The Imam is the centre of a wheel.

Movement radiates from him, around the clock. His son, Khalid, enters his sanctum bearing a glass of water, holding it in his right hand with his left palm under the glass. The Imam drinks water constantly, one glass every five minutes, to keep himself clean; the water itself is cleansed of impurities, before he sips, in an American filtration machine. All the young men surrounding him are well aware of his famous Monograph on Water, whose purity, the Imam believes, communicates itself to the drinker, its thinness and simplicity, the ascetic pleasures of its taste. ‘The Empress,’ he points out, ‘drinks wine.’ Burgundies, clarets, hocks mingle their intoxicating corruptions within that body both fair and foul.
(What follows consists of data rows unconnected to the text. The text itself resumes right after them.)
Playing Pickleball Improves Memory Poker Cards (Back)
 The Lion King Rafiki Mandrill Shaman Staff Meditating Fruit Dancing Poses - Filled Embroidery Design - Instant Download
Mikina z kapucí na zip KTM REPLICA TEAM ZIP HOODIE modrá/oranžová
The sin is enough to condemn her for all time without hope of redemption. The picture on his bedroom wall shows the Empress Ayesha holding, in both hands, a human skull filled with a dark red fluid. The Empress drinks blood, but the Imam is a water man. ‘Not for nothing do the peoples of our hot lands offer it reverence,’ the Monograph proclaims. ‘Water, preserver of life. No civilized individual can refuse it to another. A grandmother, be her limbs ever so arthritically stiff, will rise at once and go to the tap if a small child should come to her and ask, pani, nani. Beware all those who blaspheme against it. Who pollutes it, dilutes his soul.’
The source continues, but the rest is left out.